Many people at Gracepoint Berkeley church are rushing up to me saying variations of, “I’m *so* motivated and excited to read more books! But I haven’t read a non-required book in ____ years. I don’t know where to start!” After finding out a little more about people’s reading histories, I often recommend that people start with Lee Strobel’s The Case for _____ books, especially because many people associate Christian books, especially books on apologetics, with words like difficult, dry, boring, complicated, and are demotivated before even starting.

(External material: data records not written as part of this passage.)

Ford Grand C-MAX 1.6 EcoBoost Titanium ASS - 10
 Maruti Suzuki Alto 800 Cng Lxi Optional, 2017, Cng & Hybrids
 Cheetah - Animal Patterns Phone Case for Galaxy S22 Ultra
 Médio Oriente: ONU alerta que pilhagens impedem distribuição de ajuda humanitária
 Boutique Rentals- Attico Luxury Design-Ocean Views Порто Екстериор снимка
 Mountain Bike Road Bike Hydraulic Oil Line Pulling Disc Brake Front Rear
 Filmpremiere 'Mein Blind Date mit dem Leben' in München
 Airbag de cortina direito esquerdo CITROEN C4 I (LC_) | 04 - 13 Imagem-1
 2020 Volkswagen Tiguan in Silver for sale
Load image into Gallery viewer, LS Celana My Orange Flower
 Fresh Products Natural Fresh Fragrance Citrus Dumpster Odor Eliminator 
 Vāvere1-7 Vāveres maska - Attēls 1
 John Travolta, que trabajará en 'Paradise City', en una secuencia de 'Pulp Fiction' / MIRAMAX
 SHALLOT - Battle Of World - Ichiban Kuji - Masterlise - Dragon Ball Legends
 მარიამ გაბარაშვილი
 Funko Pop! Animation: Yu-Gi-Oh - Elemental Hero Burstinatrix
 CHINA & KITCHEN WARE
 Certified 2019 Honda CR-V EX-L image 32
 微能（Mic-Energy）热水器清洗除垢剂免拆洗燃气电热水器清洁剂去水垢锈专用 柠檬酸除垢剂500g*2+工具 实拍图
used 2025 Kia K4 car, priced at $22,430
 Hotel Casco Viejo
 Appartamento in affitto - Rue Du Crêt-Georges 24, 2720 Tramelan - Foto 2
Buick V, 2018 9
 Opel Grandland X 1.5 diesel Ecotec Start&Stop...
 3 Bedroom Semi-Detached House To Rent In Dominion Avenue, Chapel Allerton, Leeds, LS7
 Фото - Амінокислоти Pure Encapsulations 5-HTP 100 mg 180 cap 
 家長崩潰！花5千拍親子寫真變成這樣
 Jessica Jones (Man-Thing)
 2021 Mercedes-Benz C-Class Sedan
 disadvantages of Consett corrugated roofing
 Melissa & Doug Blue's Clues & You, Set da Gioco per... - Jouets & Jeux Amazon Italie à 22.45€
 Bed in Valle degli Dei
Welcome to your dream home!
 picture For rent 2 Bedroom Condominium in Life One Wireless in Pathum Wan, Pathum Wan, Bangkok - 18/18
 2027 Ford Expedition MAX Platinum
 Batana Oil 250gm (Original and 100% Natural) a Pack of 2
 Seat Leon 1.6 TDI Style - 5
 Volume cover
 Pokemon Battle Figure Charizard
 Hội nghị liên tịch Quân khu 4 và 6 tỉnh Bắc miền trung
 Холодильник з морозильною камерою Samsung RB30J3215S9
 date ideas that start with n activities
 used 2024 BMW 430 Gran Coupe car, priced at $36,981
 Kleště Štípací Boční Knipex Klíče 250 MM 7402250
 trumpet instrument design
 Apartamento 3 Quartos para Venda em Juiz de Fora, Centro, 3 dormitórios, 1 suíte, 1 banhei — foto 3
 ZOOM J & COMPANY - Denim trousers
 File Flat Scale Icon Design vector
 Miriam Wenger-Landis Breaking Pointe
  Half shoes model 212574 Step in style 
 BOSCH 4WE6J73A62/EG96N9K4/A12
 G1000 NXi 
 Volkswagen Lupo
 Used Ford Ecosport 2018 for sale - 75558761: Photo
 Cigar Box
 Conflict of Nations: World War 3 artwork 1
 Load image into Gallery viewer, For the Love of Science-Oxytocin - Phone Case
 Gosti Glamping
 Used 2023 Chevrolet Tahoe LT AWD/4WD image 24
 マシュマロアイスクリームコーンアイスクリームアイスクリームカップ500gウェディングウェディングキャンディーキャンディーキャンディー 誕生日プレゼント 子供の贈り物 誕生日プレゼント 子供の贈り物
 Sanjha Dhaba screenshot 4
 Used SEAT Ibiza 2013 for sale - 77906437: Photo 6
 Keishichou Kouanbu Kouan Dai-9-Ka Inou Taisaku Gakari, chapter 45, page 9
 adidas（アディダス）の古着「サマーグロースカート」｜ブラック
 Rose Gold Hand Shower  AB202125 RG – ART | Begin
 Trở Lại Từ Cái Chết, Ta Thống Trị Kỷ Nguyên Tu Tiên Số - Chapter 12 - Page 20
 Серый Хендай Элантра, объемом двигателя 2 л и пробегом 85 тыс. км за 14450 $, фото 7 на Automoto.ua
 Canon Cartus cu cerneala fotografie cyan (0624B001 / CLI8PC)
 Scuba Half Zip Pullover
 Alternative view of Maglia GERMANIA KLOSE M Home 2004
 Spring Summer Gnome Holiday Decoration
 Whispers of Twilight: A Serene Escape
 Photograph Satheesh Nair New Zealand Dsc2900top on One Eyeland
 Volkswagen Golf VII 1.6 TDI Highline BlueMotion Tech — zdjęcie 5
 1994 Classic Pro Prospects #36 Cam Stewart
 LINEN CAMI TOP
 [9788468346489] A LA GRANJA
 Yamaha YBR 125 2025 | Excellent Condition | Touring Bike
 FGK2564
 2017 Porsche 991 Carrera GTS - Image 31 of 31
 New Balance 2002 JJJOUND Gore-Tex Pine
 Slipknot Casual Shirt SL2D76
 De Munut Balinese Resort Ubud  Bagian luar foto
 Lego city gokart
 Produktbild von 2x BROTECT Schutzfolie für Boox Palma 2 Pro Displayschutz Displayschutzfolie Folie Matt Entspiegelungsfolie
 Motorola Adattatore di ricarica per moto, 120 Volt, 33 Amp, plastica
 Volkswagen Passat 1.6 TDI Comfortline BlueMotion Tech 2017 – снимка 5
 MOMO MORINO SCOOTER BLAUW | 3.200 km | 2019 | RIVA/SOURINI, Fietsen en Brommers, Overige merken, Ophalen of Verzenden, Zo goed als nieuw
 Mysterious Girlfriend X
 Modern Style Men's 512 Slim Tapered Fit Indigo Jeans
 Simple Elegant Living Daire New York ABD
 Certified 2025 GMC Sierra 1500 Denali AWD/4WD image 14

Strobel, a former atheist, traces his journey to faith through his 1999 book, The Case for Christ: A Journalist’s Personal Investigation of the Evidence for Jesus. What I love about his books is that they are very accessible to the everyday person. While it is an apologetics book, it also reads very much like a story — it is investigative journalism, after all — and Strobel uses his background in journalism to weave in details, and even develop tension as he chronicles his own grappling with the evidence he encounters. It is both a compelling and edifying read!
For each chapter, Strobel investigates a different tough question regarding Jesus, through an interview with Christian apologists and theologians, including J.P. Moreland, Greg Boyd, and William Lane Craig. It is a great book for Christians who want to learn the evidence for why you believe what you believe, or how to present the evidence clearly and concisely. I’ve also found it is a great book for people who are not Christians, but seekers who are open to, or in the process of investigating the claims of Christianity.
Additionally, for each of The Case for… books, there is a “Student Edition” (middle and high school range) and a “For Kids” edition (for about 9-12 year olds). Bibliopolis patrons of all ages attest to how great they are.
The kindle version of The Case for Christ is currently $1.99! People often ask me my opinion on e-books. And while e-readers have done a fabulous job of simulating the sense of progress and even the act of flipping a page, I still think reading and holding a physical book, flipping and (sometimes ripping) actual pages is the best reading experience. But I’m no e-reader hater. I even like audiobooks (gasp!). I was kind of snobby about it all for a long time, but I’ve come to appreciate the pros and cons of all sorts of reading. In the end, reading an e-book is better than not reading any book. (You have to re-read that last sentence out loud…I’m on a roll today!)
Have you read any of “The Case for” books? Which is your favorite? (Mine is The Case for Faith.) What’s your take on e-books? Are you a proponent? Opponent?